- O Globo
Há vários ângulos em cada um dos números deste tempo de recuperação lenta, difícil e conturbada que a economia brasileira está vivendo. A produção industrial tomou um tombo em março, mas o acumulado no trimestre interrompeu a série de 11 trimestres de retração. A balança comercial teve resultado recorde. Em apenas quatro meses, o saldo chegou a US$ 21 bilhões.
Nesses tempos de crise, o comércio exterior está ajudando a dar mais movimento à economia. Não apenas pelo superávit de US$ 7 bilhões de abril, mas porque depois de mais de dois anos caindo, as importações avançam. Está subindo toda a corrente de comércio. Isso é melhor que ter um alto superávit.
A indústria foi o setor mais atingido pela crise desde o começo, e tem tido alguns sinais positivos. Não recuperou o tempo perdido, mas teve bons janeiro e fevereiro. Em março, a queda foi a pior da série para este mês: -1,8%. O mercado projetava redução de 0,8%. Em dezembro havia crescido 2,3%.
O caminho da indústria tem sido sinuoso. Alguns segmentos avançam. Bens de capital tiveram alta de 4,4% na comparação com o mesmo período do ano passado. Os bens de consumo duráveis avançaram 10,5%. O número do trimestre ficou positivo em 0,6% e isso não é pouco para um setor que encolhe há quase três anos.
O economista Luciano Rostagno, estrategistachefe do Banco Mizuho, conta que os últimos números positivos puxaram para cima o resultado do trimestre anulando em parte a queda de março.
No comércio internacional, o bom resultado não pode ser explicado apenas pela recessão, que costuma produzir excedentes para serem exportados. Houve também aumento de importação, o que só acontece quando há elevação da atividade interna. No acumulado de janeiro a abril, o saldo ficou positivo em US$ 21,38 bi, ou 61% a mais que em 2016. As exportações foram de US$ 68,15 bi, alta de 21,8%. As importações avançaram 9,5%, para US$ 46,7 bi.
O crescimento da corrente de comércio — a soma dos dois lados da balança — é mais relevante para a economia do que o próprio superávit porque indica uma atividade mais forte. No acumulado de janeiro a abril a corrente cresceu 16,5%, ao contrário do que acontecia nos últimos anos. Quando o país começou a acumular superávit em meados de 2015, o motivo era a queda da demanda por importações. O efeito sobre a atividade, portanto, era negativo. No levantamento mais longo o problema ainda é notado. Em 12 meses, por exemplo, a corrente de comércio registra queda de 0,8%.
José Augusto de Castro, presidente da Associação de Comércio Exterior do Brasil (AEB), destaca a mudança.

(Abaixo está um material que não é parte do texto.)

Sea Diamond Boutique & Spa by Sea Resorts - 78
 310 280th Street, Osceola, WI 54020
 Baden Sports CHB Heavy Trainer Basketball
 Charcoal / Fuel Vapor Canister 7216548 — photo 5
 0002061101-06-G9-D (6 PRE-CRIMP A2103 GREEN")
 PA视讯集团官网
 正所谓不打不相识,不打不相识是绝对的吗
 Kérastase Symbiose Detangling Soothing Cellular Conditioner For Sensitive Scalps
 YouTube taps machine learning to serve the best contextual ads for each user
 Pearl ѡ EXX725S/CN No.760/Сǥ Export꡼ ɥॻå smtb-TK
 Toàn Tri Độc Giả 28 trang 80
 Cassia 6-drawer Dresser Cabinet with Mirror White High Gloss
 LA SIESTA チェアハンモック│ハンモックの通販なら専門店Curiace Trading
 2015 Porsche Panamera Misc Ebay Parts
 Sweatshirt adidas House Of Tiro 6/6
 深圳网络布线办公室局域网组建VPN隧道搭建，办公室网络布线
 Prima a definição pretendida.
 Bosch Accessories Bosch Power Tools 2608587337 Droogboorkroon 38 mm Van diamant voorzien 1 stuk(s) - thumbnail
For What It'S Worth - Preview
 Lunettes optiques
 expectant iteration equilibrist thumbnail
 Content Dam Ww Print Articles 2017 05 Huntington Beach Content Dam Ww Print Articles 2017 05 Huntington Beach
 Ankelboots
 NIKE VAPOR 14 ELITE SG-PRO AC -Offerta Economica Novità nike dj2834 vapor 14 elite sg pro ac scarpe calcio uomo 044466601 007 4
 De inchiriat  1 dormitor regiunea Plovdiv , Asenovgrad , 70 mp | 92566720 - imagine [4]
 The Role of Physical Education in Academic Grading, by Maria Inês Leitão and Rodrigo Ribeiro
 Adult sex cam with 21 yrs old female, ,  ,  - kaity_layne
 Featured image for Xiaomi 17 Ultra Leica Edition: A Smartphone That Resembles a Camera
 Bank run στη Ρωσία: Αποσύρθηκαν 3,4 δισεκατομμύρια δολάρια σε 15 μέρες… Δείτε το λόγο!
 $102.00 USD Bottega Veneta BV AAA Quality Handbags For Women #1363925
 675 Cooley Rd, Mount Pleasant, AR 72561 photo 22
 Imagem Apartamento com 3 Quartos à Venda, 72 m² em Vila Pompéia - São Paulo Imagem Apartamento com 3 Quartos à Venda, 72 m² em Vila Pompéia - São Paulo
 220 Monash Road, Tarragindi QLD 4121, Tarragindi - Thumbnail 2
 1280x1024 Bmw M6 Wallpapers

— A balança comercial está se tornando de fato positiva. Há pouco tempo, o país tinha superávit “negativo”. As exportações caíam, mas o saldo ficava no azul porque as importações despencavam ainda mais. Isso mudou.
Nas exportações, a alta é consistente. Contra abril de 2016, os embarques cresceram 27,8% pela média diária. No topo da lista estão as commodities, que subiram de preço. No ano, os embarques de soja cresceram 26,4%, com a supersafra e a melhora na cotação do produto. O minério de ferro, com o preço também em alta, avançou 128,6%. No petróleo bruto, a expansão foi de 142%. O temor com os efeitos da “Operação Carne Fraca” não se concretizou, em parte porque a reação do governo foi rápida. Contra abril de 2016, as vendas de frango cresceram 1,5%, as de carne bovina caíram 4,1%, e houve alta de 34,4% no valor da exportação de suínos, porque, segundo Castro, o Brasil recentemente abriu muitos mercados para a carne de porco.
O comércio exterior tem efeito no mercado de trabalho. A correlação entre emprego e exportação é mais nítida em alguns manufaturados como calçados, confecções e automóveis, diz José Augusto. O setor calçadista embarcou 14,4% a mais no ano; o de automóveis de passageiros, 48,6%; e o de veículos de carga, 75,8%. A agropecuária não é grande geradora de empregos, mas movimenta outros setores da economia como logística, máquinas agrícolas e fertilizantes.
A volta da economia ao crescimento continuará sendo lenta e cada número tem que ser visto de diversos ângulos para ser entendido. O pior passou, mas o bom momento ainda não chegou.